FROM is the first command in the Dockerfile. This defines the source image on which the container is based. Here, the image is biodcker/biodocker which is based on a minimalist image of ubuntu:14.04.3 (see ici for the details about how this image is built and for a more complete example of how a container is built). This image contains all the global dependencies for the BioDocker images. This image structure is useful, not only because it can be reuse but also for updates (update of the operating system for example). A container is built with a filesystem organised in layers to avoid data duplication.
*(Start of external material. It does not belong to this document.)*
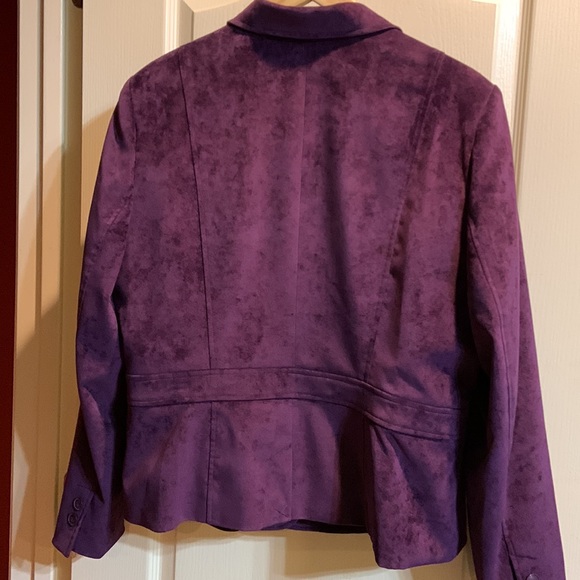 Blazer -Fitted Velour three button w/two usable flap pockets.  Purple in color - Picture 5 of 5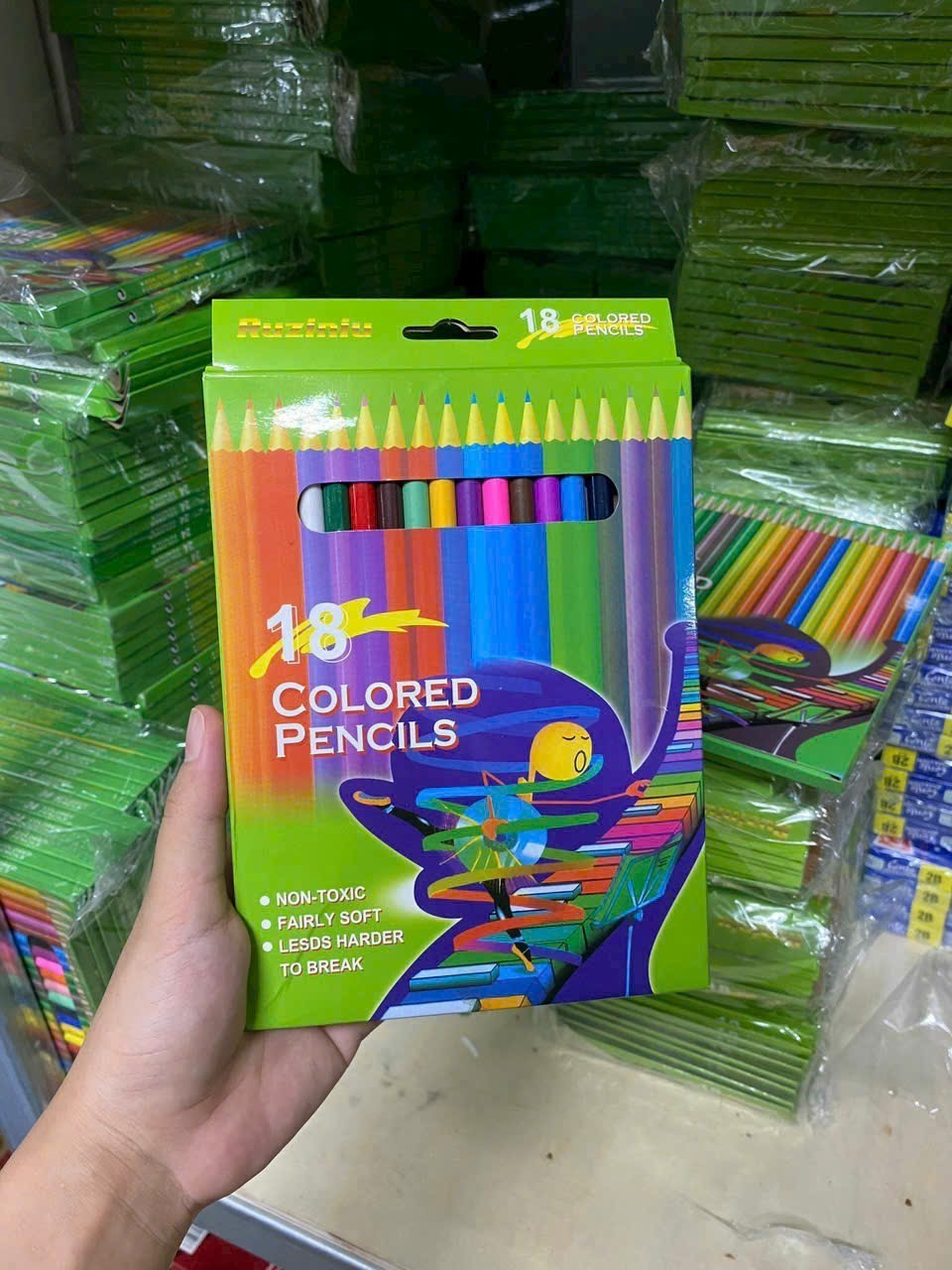 20241122_erfviYXuAt Bộ bút chì màu 18 màu Tmark – Sắc màu sáng tạo (Kiện 60 hộp, lốc 8 hộp)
Then, the RUN command installs Blast in the container using the package manager conda which is available in the biodcker/biodocker image. Finally, WORKDIR changes the working directory for the future execution of the application. Since BioDocker offers this container image in the public repository of DockerHub, we can avoid the building steps and simply retrieve the container as indicated in the Dockerfile.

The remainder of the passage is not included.